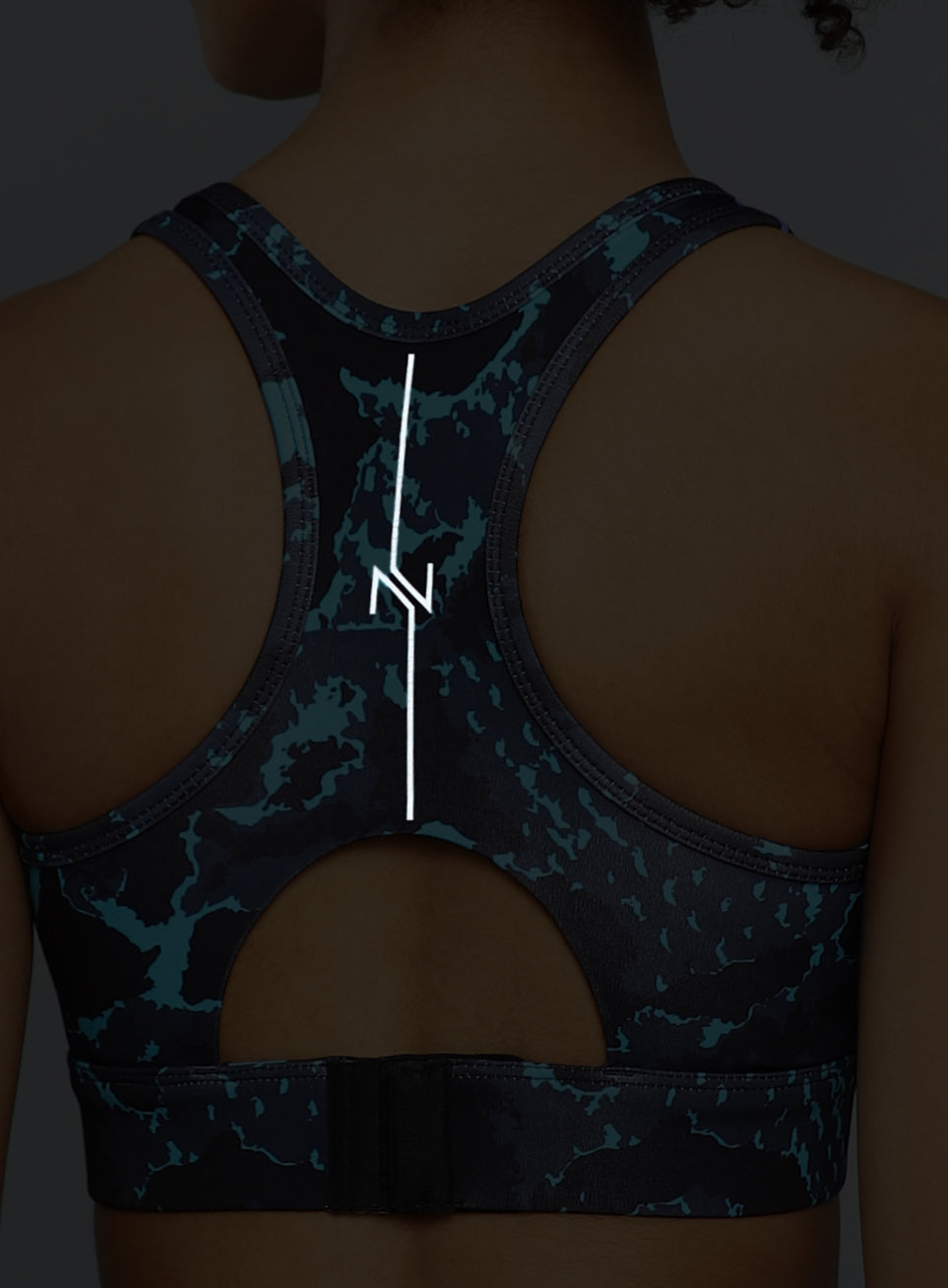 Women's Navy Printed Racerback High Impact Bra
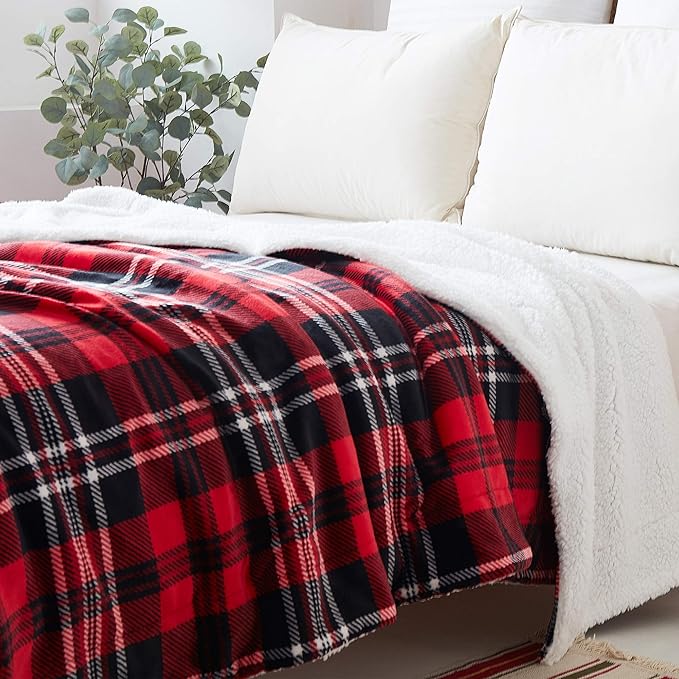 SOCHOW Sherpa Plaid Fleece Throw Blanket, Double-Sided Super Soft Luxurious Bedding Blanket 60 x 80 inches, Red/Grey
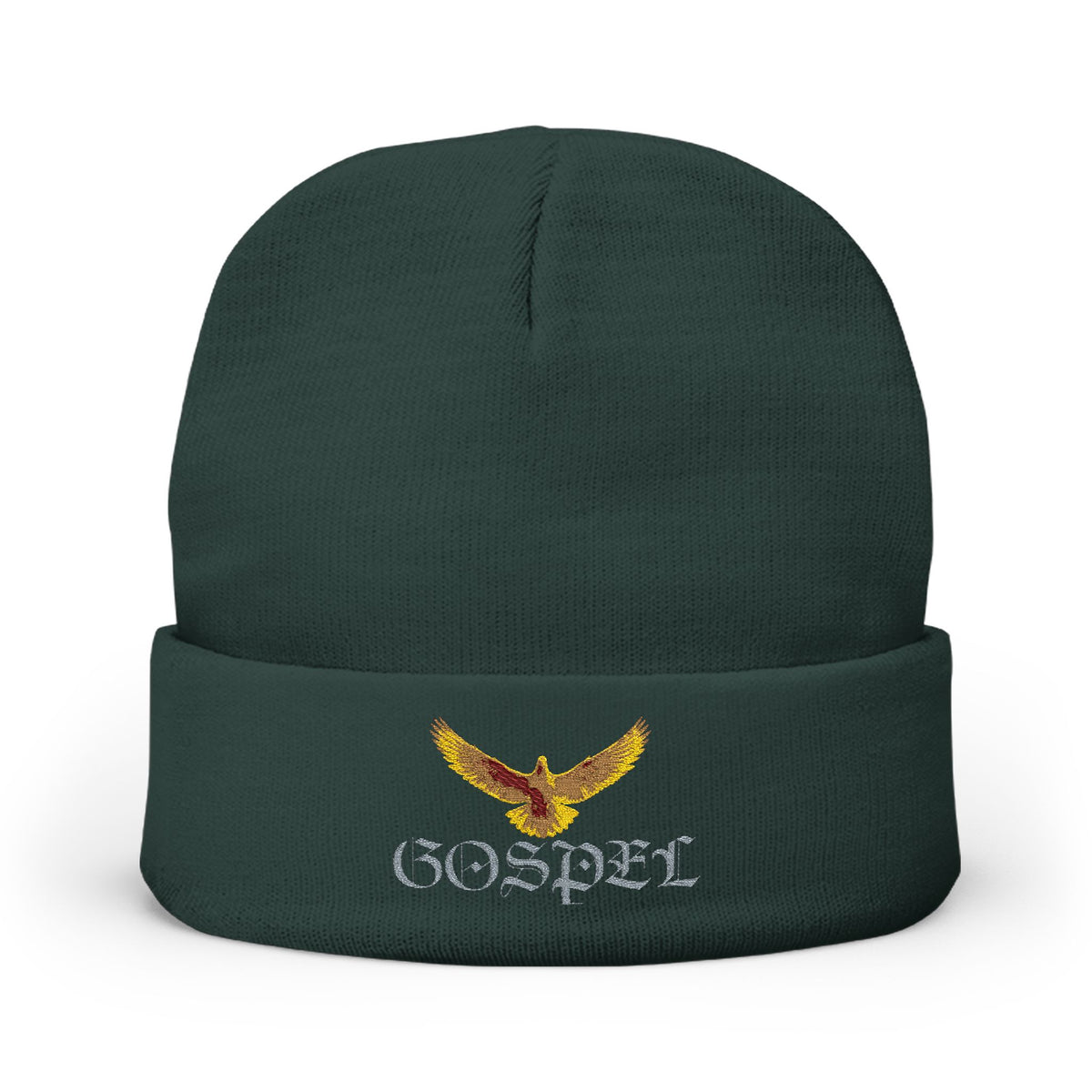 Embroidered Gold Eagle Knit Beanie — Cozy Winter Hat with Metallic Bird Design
----
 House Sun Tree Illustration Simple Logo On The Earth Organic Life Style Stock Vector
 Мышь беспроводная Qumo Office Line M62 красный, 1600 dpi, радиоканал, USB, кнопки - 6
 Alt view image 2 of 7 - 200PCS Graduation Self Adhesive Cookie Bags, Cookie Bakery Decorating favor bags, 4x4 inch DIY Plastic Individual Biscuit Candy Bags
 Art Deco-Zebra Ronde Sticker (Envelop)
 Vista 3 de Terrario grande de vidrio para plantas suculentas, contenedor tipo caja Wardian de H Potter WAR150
----
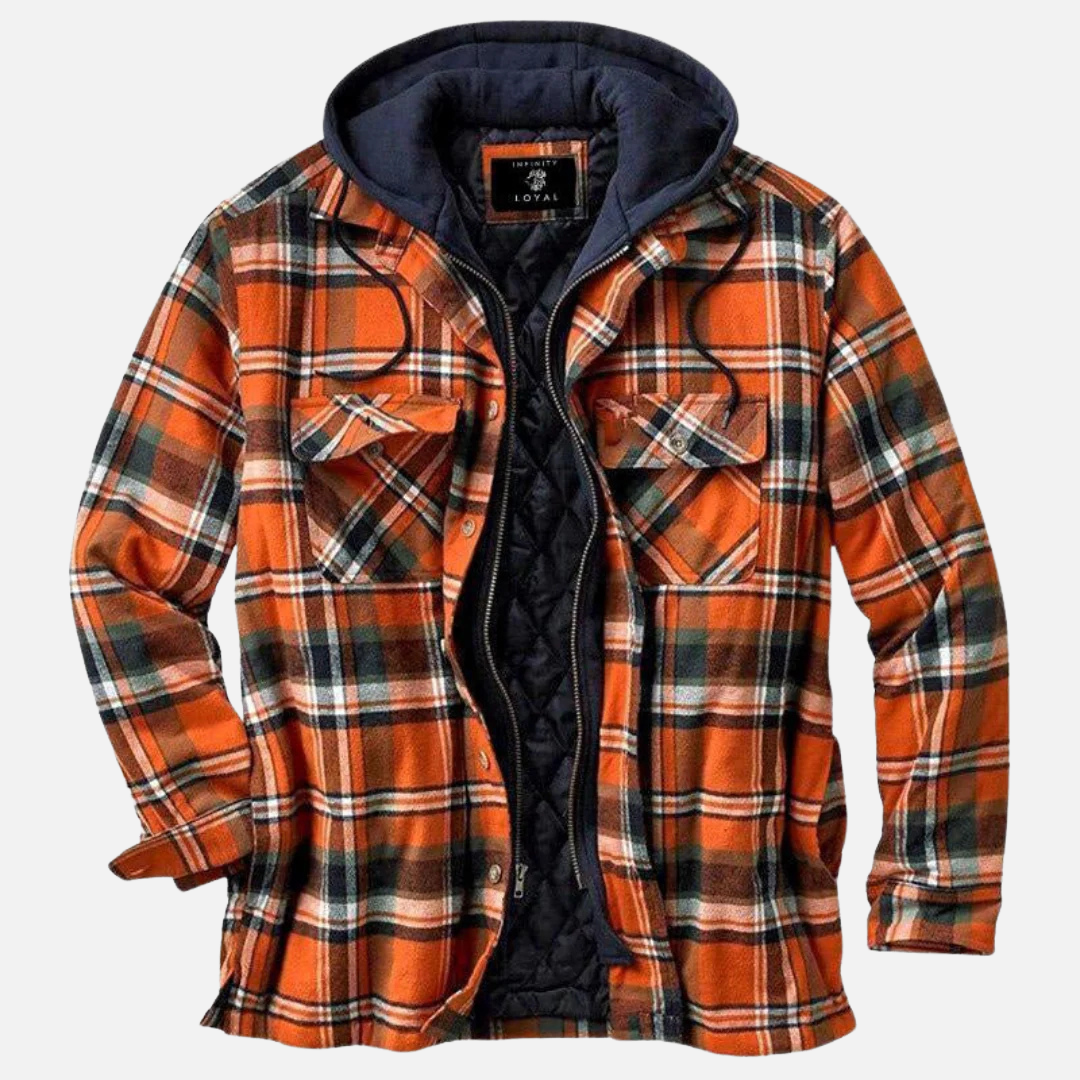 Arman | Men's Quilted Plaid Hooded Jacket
----
> **Exercise objective**
Take the lines above from the one containing "Мышь беспроводная Qumo" down to the one containing "Vista 3 de Terrario", and transcribe them exactly, both ends included.

> **Written answer**
 Мышь беспроводная Qumo Office Line M62 красный, 1600 dpi, радиоканал, USB, кнопки - 6
 Alt view image 2 of 7 - 200PCS Graduation Self Adhesive Cookie Bags, Cookie Bakery Decorating favor bags, 4x4 inch DIY Plastic Individual Biscuit Candy Bags
 Art Deco-Zebra Ronde Sticker (Envelop)
 Vista 3 de Terrario grande de vidrio para plantas suculentas, contenedor tipo caja Wardian de H Potter WAR150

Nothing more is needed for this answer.